Milestone Trend Analysis
by Gabriella Martin
Milestone Trend Analysis (MTA), similar to EVM, deals with deviations from the original plan. The MTA represents how important project deadlines shift over time. It is one of the more popular methods in project management.
For this purpose, the important dates in the project plan are defined as milestones. During the course of the project these dates are regularly updated as the plan is updated.
The milestone dates are entered in a graph on the y-axis, while the x-axis represents the regularly occurring update dates. Delays that have already occurred as well as new risks are thus immediately noticed and the project team can react accordingly at an early stage.
By connecting the individual points of the respective milestone, a trend is created which ideally runs horizontally. A rising line indicates delays, a falling one indicates an earlier project completion.
Three milestones are tracked in the figure above. In the original planning from week 1, the dates are 15 January for M3, 11 February for M2 and 26 March for M1. In the first project progress meeting in week 2 there are no changes to the milestone dates yet.
In the progress meeting in week 3, the deadline of milestone M3 has already passed and the associated work has been completed on time. For milestone M2 there is a slight shift backwards, M1 is held.

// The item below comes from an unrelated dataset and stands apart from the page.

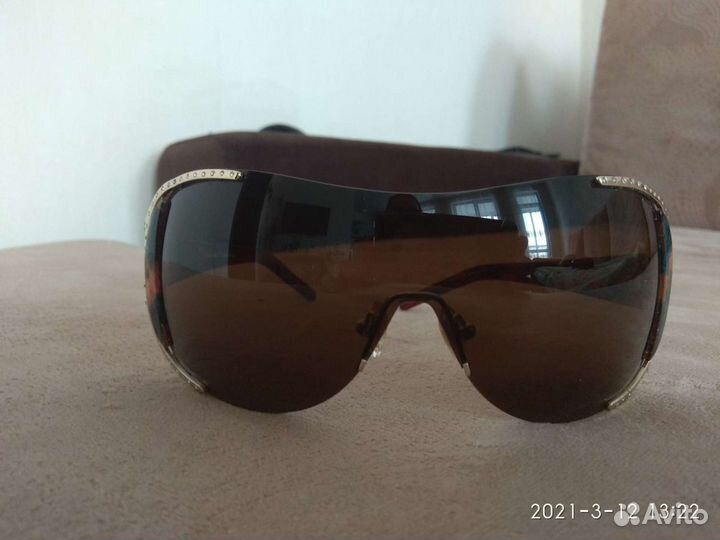 Солнцезащитные очки женские бренд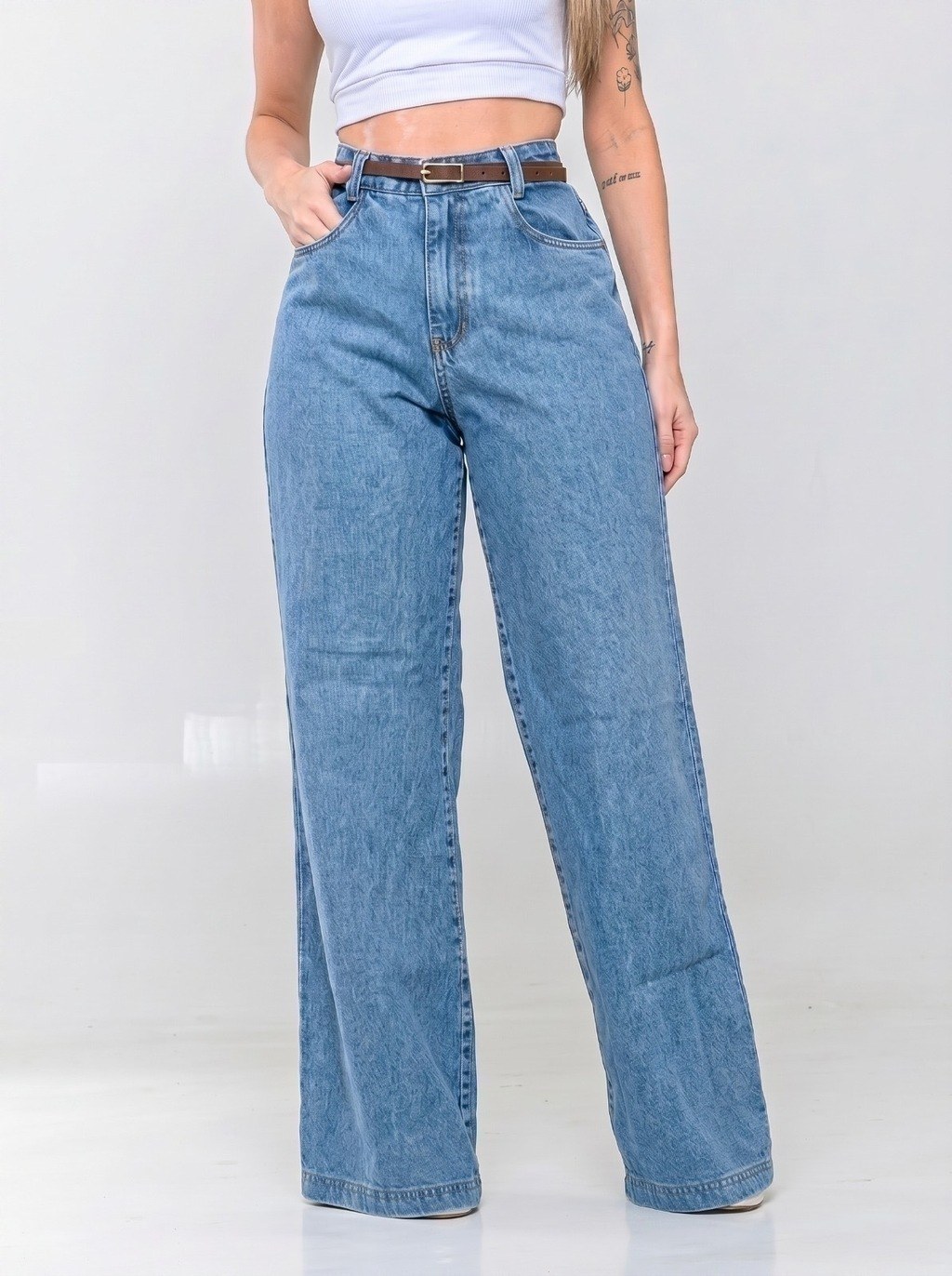 Calça Jeans Feminina Wide Leg Pantalona Com Cinto Marrom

In the milestone trend analysis in week 5 there is a shift of milestone M1 to a later date, while the date of milestone M2 is kept. Milestone M1 suffers further shifts from week 7 onwards and ends up more than one month later than originally planned.
The milestone trend analysis is a useful controlling tool for thoroughly planned projects. It is important that it can be objectively verified whether a milestone has actually been passed. A passed review, a pronounced release or a delivery, for example, are requested for this, whereas statements such as “70% completed” are, according to our experience, too vague.
This method has no place in an agile environment, since fixed milestones are rarely found there and instead of postponing deadlines, changes are made to the scope of the completed features.